7. A radiology-specific sketch (for later discussion)

Section titled “7. A radiology-specific sketch (for later discussion)”

If you wanted to build an “autoresearch for radiology model tuning” in your AI unit:

┌──────────────────────┬──────────────────────────────────────────────┐
│ prepare.py analogue │ Loads de-identified dataset, computes │
│ (frozen) │ AUC/Sensitivity@Spec/DiceScore on a pinned │
│ │ val split. Read-only. │
├──────────────────────┼──────────────────────────────────────────────┤
│ train.py analogue │ A single file containing model, augmentations,│
│ (agent-mutable) │ optimizer, loss. ~500 lines, one GPU. │
├──────────────────────┼──────────────────────────────────────────────┤
│ program.md analogue │ Domain guardrails: "do not disable │
│ (human-mutable) │ augmentation of lesion masks", "keep spatial │
│ │ resolution ≥ X", "flag any change that │
│ │ reduces sensitivity below baseline for │
│ │ clinical review before keep". │
├──────────────────────┼──────────────────────────────────────────────┤
│ Trial budget │ 10–20 min / run on local H100. │
├──────────────────────┼──────────────────────────────────────────────┤
│ Keep/discard rule │ Primary: AUC on val.
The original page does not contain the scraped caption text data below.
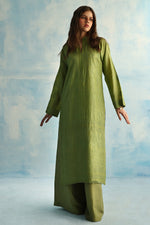 Load image into Gallery viewer, Citrus Green Tusser Silk Kurta
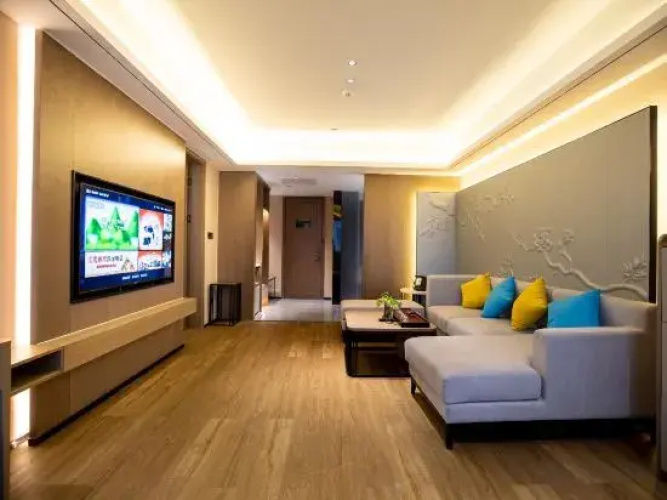 REX Hotel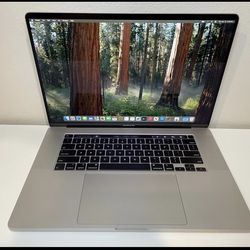 MacBook Pro 2019 15”  screen 16GB Ram 512 ssd with Touch Bar screen (excellent condition )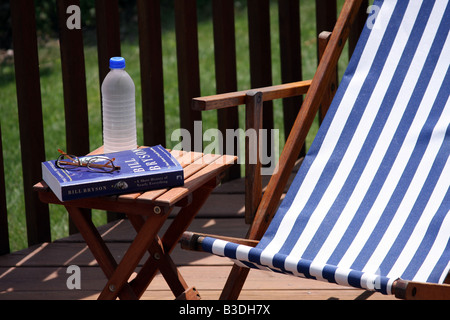 Lesung Bill Bryson s Reise-Buch auf der Terrasse im Sommer Stockfoto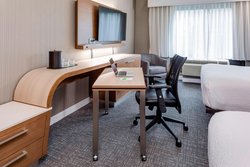  - Courtyard by Marriott Hotel Portsmouth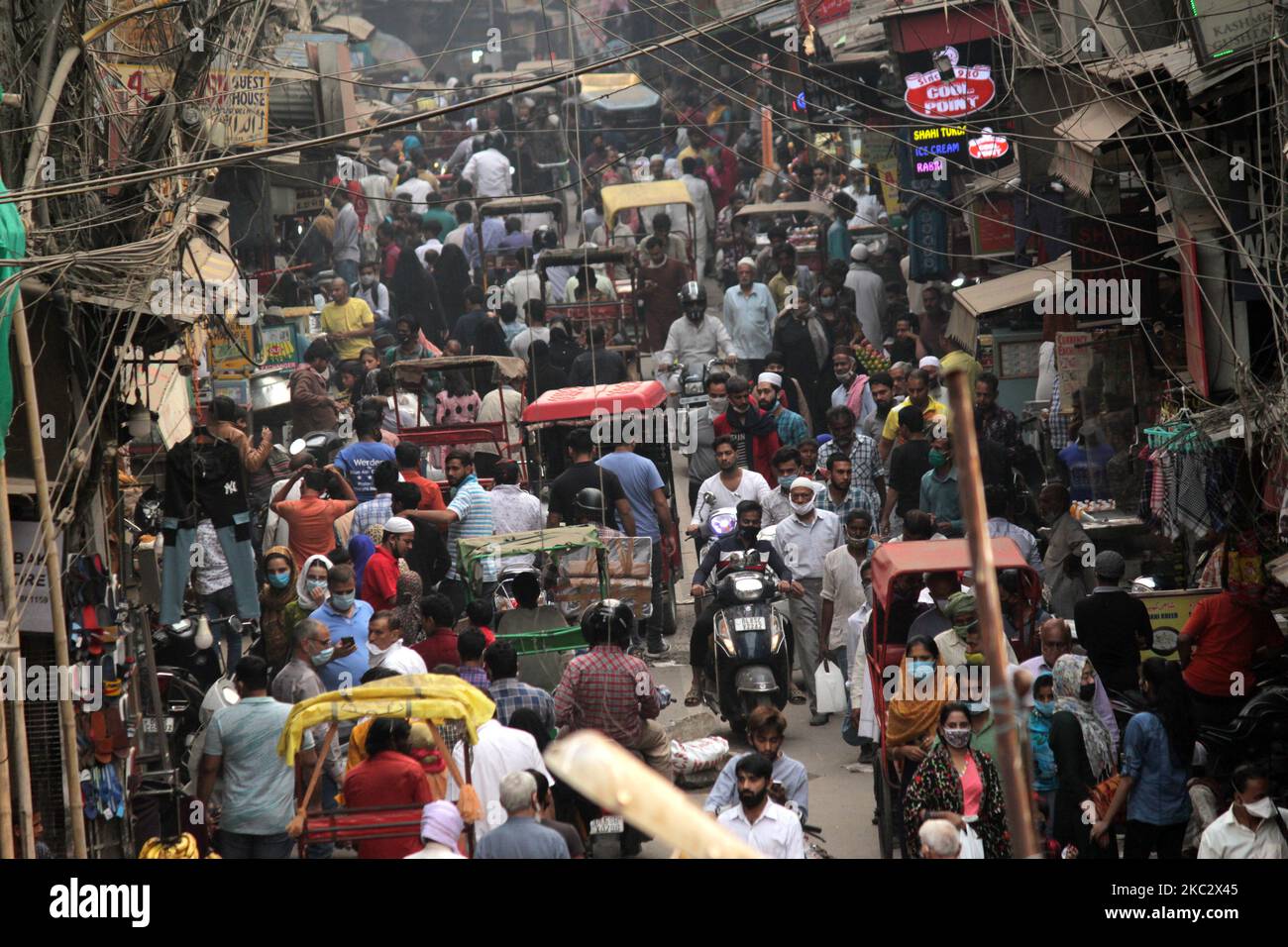 A view of a crowded street in one of the most dense part of the national capital-flouting all social distancing guidelines setup to curb Covid-19, near Jama Masjid, Matia Mahal, on October 29, 2020 in Delhi. India's Covid-19 tally crossed the eight million mark with 49,881 cases within a span of 24 hours. While the total caseload stood at 8,040,203, the death toll also rose to 120,527, according to the Ministry of Health and Family Welfare. (Photo by Mayank Makhija/NurPhoto) Stock Photo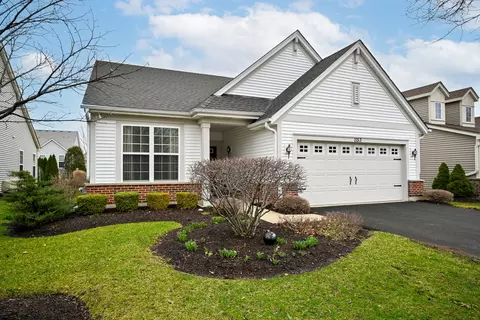 1153 Drury Ln, Aurora, IL 60502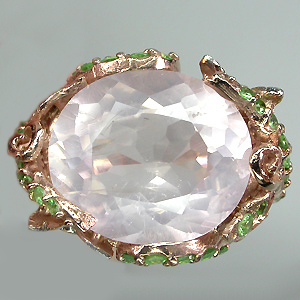 Замечательное кольцо с розовым кварцем, цаворитами гранатами и сапфирами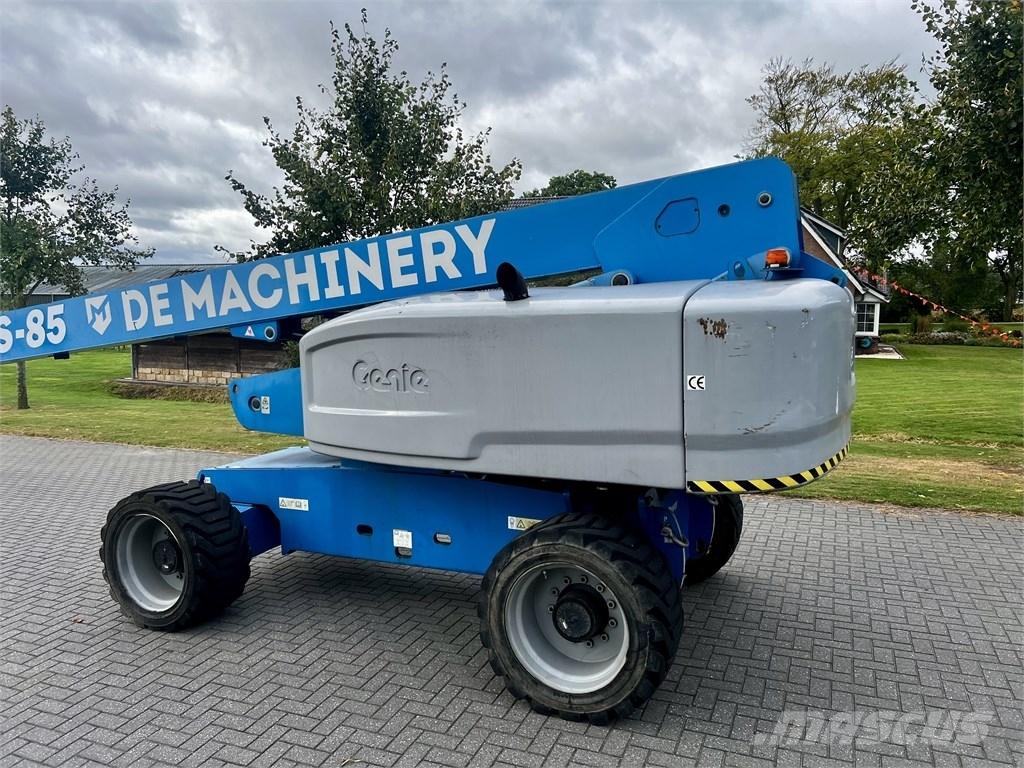 Genie S 85 Telescopic boom lifts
Gate: sensitivity │
│ │ floor; human review for clinical-risk wins. │
└──────────────────────┴──────────────────────────────────────────────┘

The open question is the human gate — medical AI is one of the domains where fully autonomous keep/discard is probably inappropriate. A reasonable compromise: autonomous within a sandbox of architecture/hyperparameter changes, human-gated for anything that changes preprocessing, loss function, or data handling.


Karpathy didn’t build an autonomous researcher. He built an environment in which autonomous research emerges from a standard LLM + git + a scalar metric.

The LLM is the cheap part. The environment design is the expensive, transferable insight — and it ports to almost any optimization-shaped problem where you can name a number and freeze a rule.